● PROBLEM REQUIREMENTS
Two lines below mark the span: the one containing "Cowhide Leather Fringe Bag" and the one containing "I Batte Multiple". Set down both, plus every line between, exactly as they stand, and nothing else.

● INPUT DATA
• • • • •

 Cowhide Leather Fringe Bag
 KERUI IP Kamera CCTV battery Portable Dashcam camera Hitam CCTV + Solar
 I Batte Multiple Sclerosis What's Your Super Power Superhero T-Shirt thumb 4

• • • • •

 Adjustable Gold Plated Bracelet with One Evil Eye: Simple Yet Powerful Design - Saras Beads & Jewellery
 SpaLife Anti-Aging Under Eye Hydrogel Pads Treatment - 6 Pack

• • • • •

● TASK SOLUTION
 Cowhide Leather Fringe Bag
 KERUI IP Kamera CCTV battery Portable Dashcam camera Hitam CCTV + Solar
 I Batte Multiple Sclerosis What's Your Super Power Superhero T-Shirt thumb 4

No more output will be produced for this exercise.